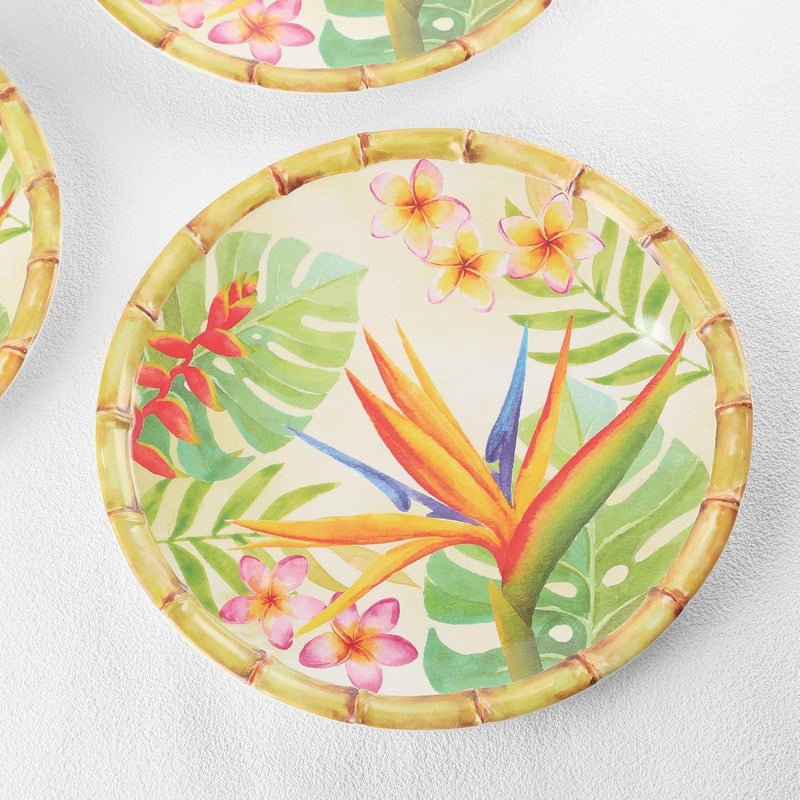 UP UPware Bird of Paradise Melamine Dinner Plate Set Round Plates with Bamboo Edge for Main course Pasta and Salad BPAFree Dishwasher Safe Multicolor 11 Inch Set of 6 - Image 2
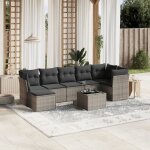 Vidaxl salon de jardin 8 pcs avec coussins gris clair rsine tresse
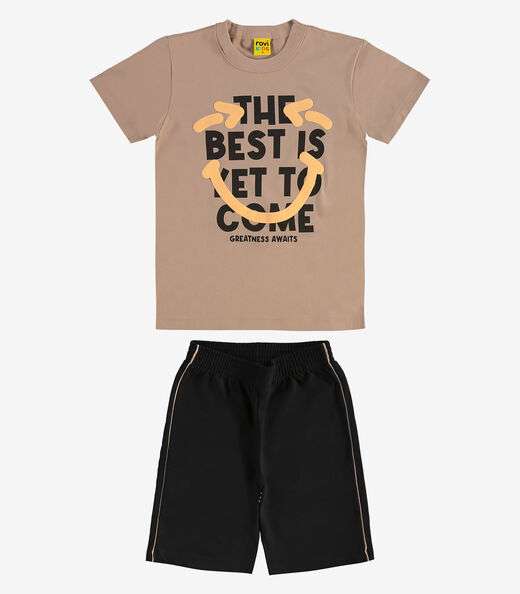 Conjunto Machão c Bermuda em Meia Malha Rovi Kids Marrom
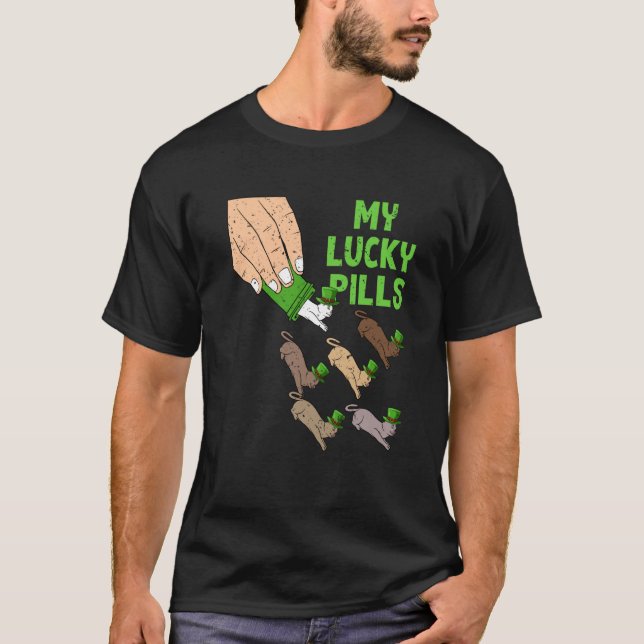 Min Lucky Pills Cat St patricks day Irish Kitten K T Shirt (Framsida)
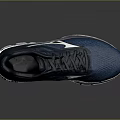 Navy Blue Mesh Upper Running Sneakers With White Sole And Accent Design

---

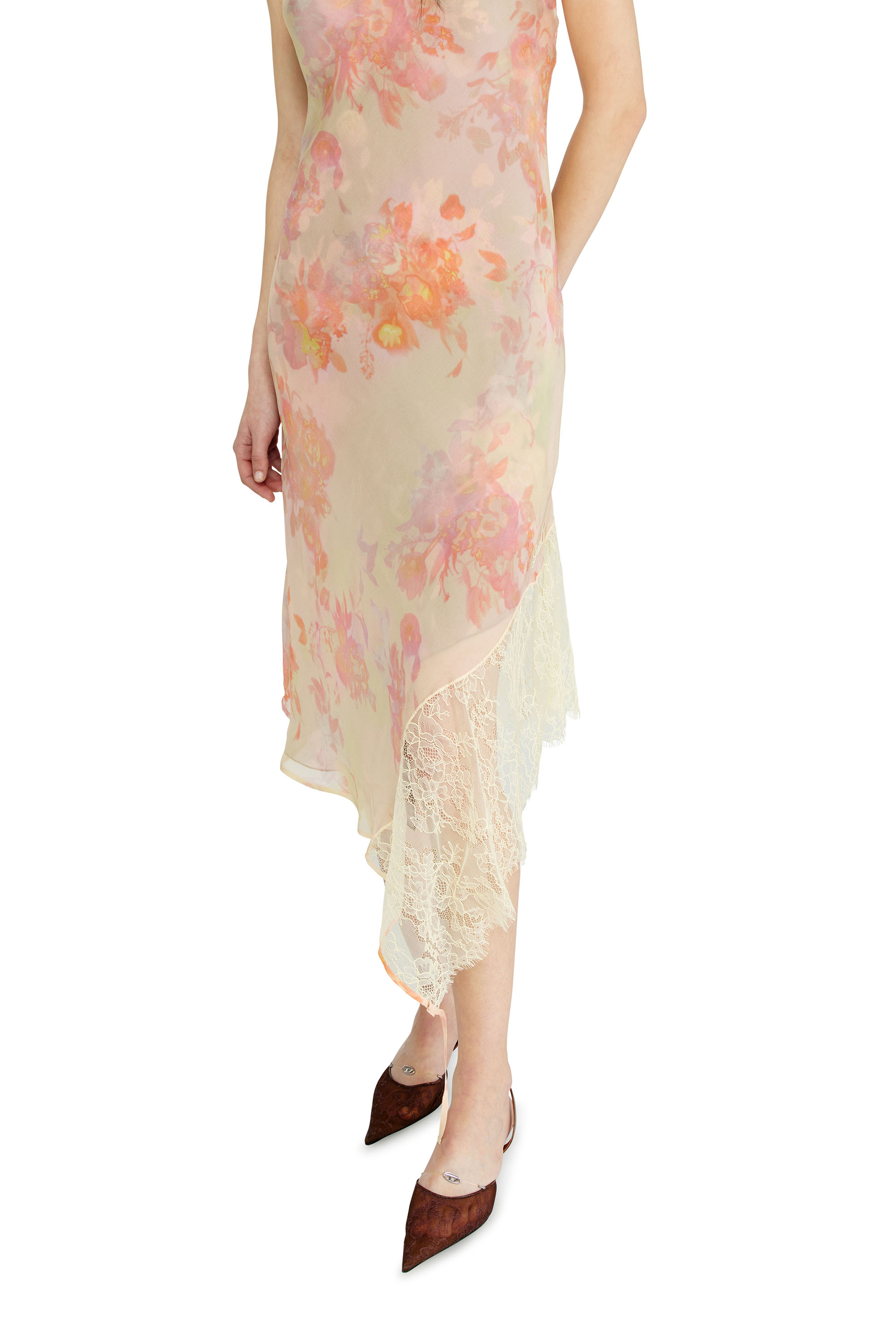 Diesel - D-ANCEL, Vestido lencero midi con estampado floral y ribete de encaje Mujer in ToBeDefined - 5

● Problem statement: Above are records; repeat only the lines from the line with "Vidaxl salon de" through the line with "Navy Blue Mesh", and leave pictures out.

● Exercise result:
 Vidaxl salon de jardin 8 pcs avec coussins gris clair rsine tresse
 Conjunto Machão c Bermuda em Meia Malha Rovi Kids Marrom
 Min Lucky Pills Cat St patricks day Irish Kitten K T Shirt (Framsida)
 Navy Blue Mesh Upper Running Sneakers With White Sole And Accent Design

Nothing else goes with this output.